** Opening RECORDED DATA block **

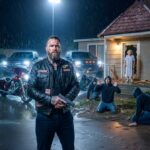 Thugs Broke Into the Wrong House — They Didn't Know the Old Lady's Son Was a Hells Angel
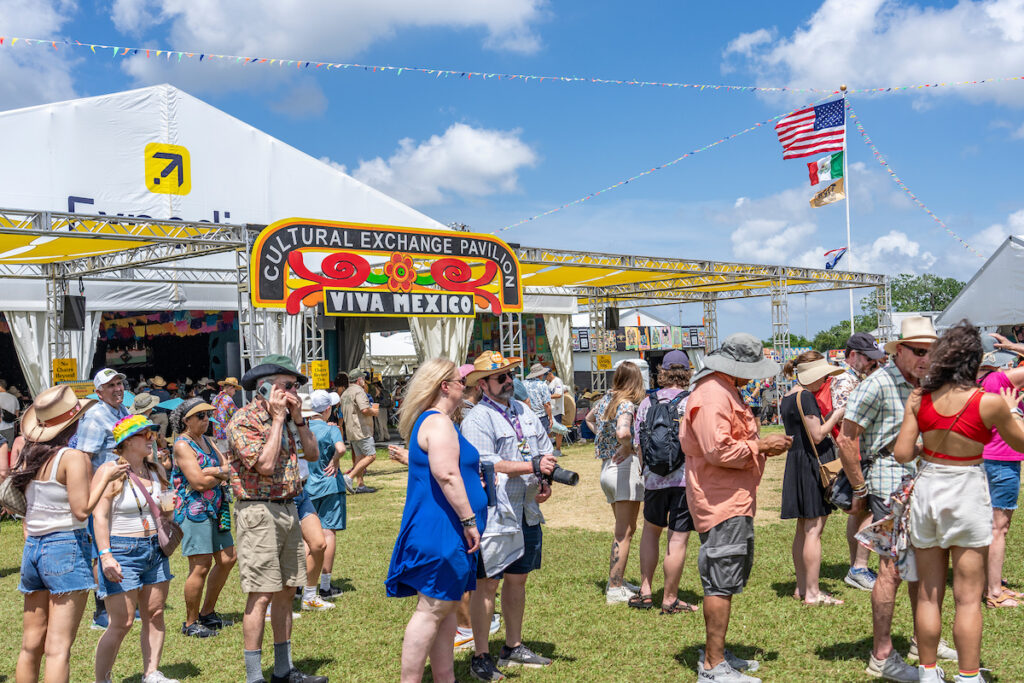 Santana and Cage the Elephant Kick Off Jazz Fest Weekend 2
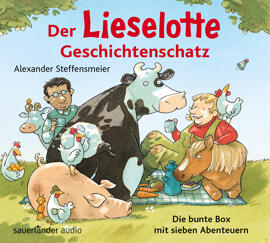 Kinderbücher Sauerländer audio im Argon Verlag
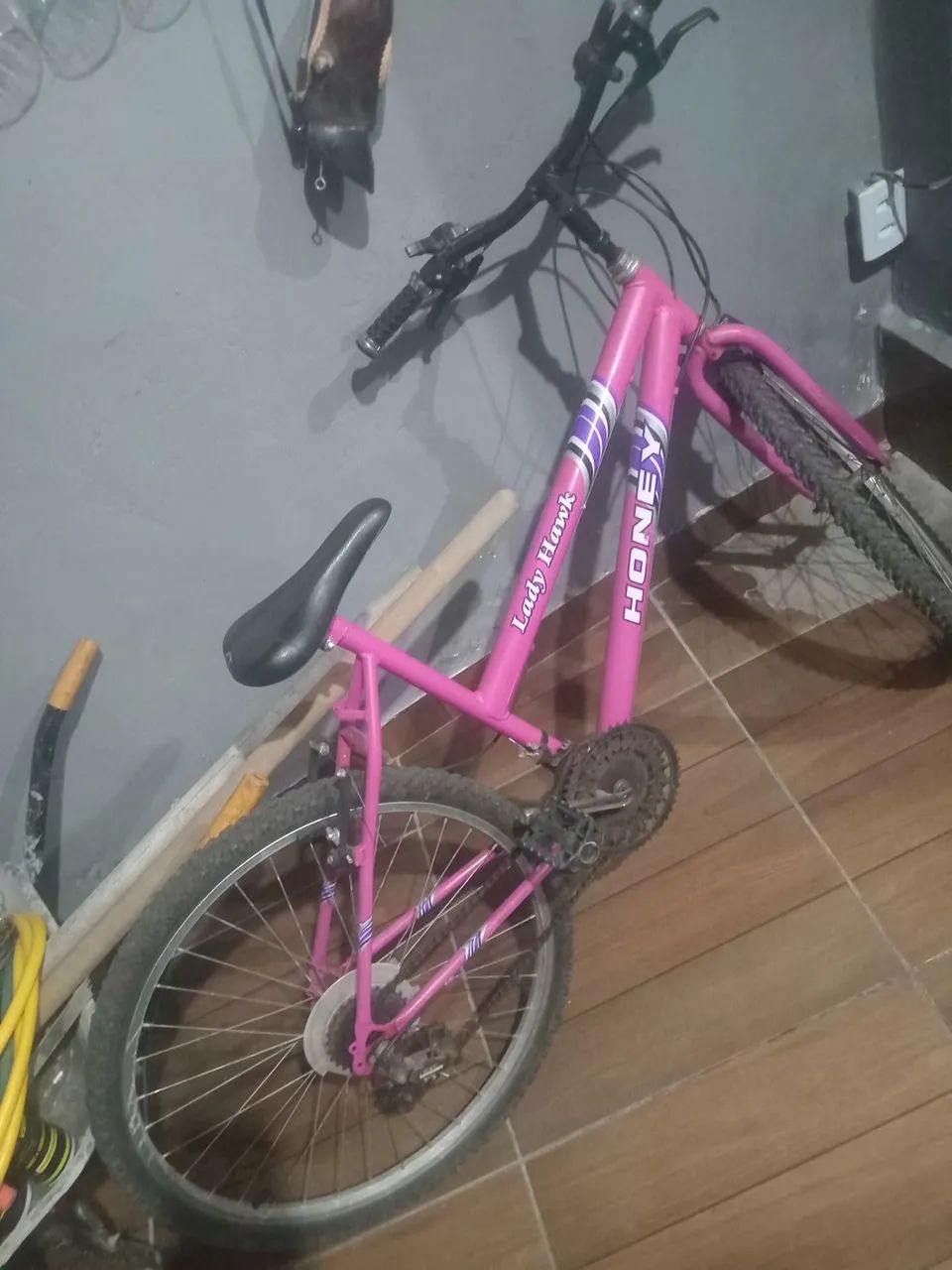 Bicicleta  feminina  - Foto 2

** Closing RECORDED DATA block **

◆ **EXERCISE REQUIREMENTS**:
Print the full listing exactly, dropping the pictures.

◆ **RESPONSE BOX**:
 Thugs Broke Into the Wrong House — They Didn't Know the Old Lady's Son Was a Hells Angel
 Santana and Cage the Elephant Kick Off Jazz Fest Weekend 2
 Kinderbücher Sauerländer audio im Argon Verlag
 Bicicleta  feminina  - Foto 2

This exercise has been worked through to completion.